Relativistic mean field study of the properties of Z=117 nucleus and the decay chains of $^{293,294}$117 isotopes

TL;DR

This study uses the relativistic mean field model to analyze the structure and decay properties of Z=117 superheavy nuclei, predicting shape transitions, stability, and decay characteristics across isotopes.

Contribution

It provides new theoretical predictions on the shape, stability, and decay properties of Z=117 isotopes using the relativistic mean field approach.

Findings

Almost spherical ground state structures for most isotopes.

Shape transition from prolate to oblate around A=292.

Identification of the most stable isotope as $^{288}$117.

Abstract

We have calculated the binding energy, root-mean-square radius and quadrupole deformation parameter for the recently synthesized superheavy element Z=117, using the axially deformed relativistic mean field (RMF) model.

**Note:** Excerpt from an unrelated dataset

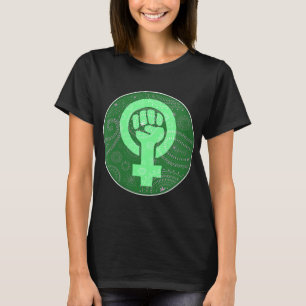 Feminist Green Bandana Pro Ch T-shirt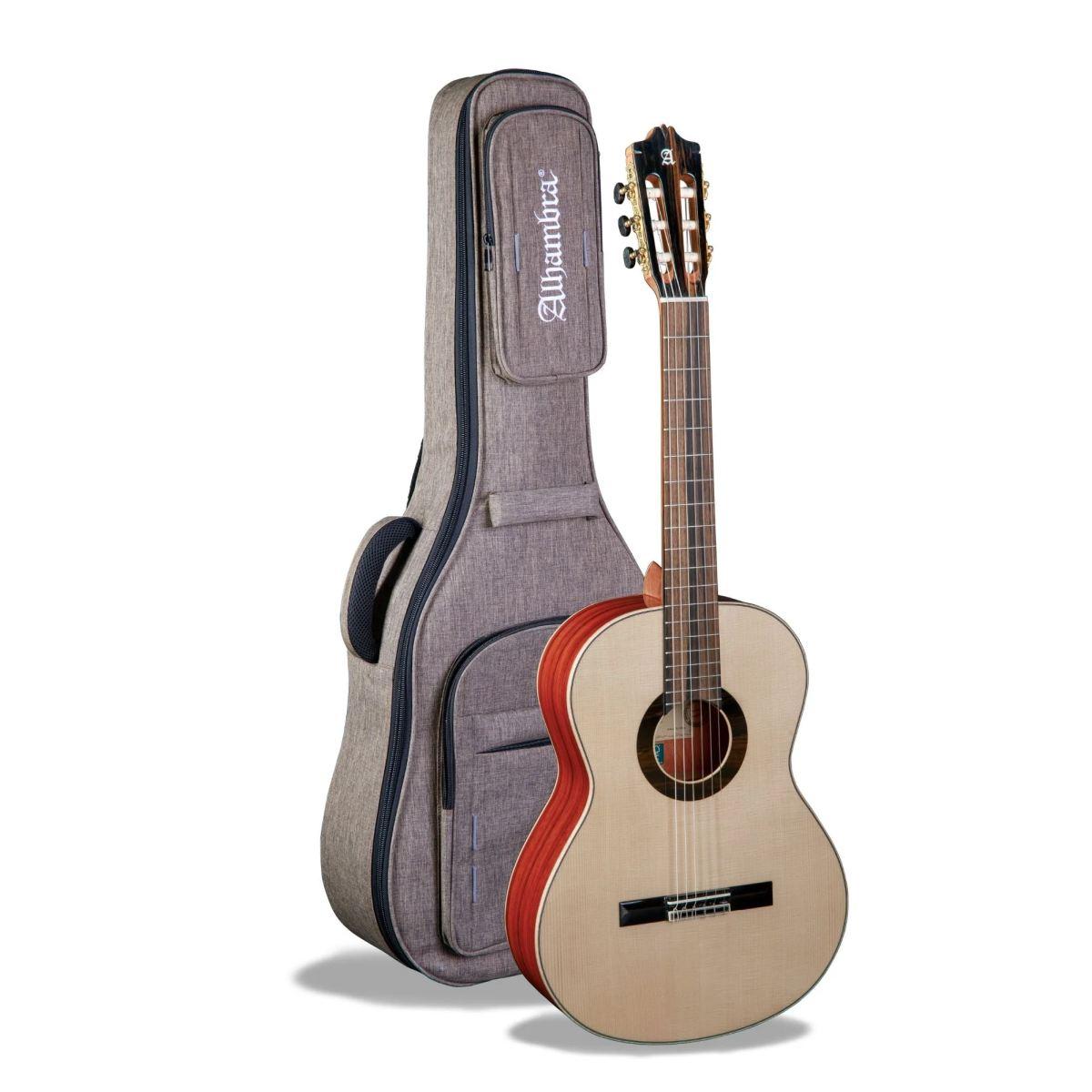 Alhambra green sustain classic chitarra classica con custodia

The calculation is extended to various isotopes of Z=117 element, strarting from A=286 till A=310. We predict almost spherical structures in the ground state for almost all the isotopes. A shape transition appears at about A=292 from prolate to a oblate shape structures of Z=117 nucleus in our mean field approach. The most stable isotope (largest binding energy per nucleon) is found to be the $^{288}$117 nucleus. Also, the Q-value of $\alpha$-decay $Q_\alpha$ and the half-lives $T_{\alpha}$ are calculated for the $\alpha$-decay chains of $^{293}$117 and $^{294}$117, supporting the magic numbers at N=172 and/ or 184.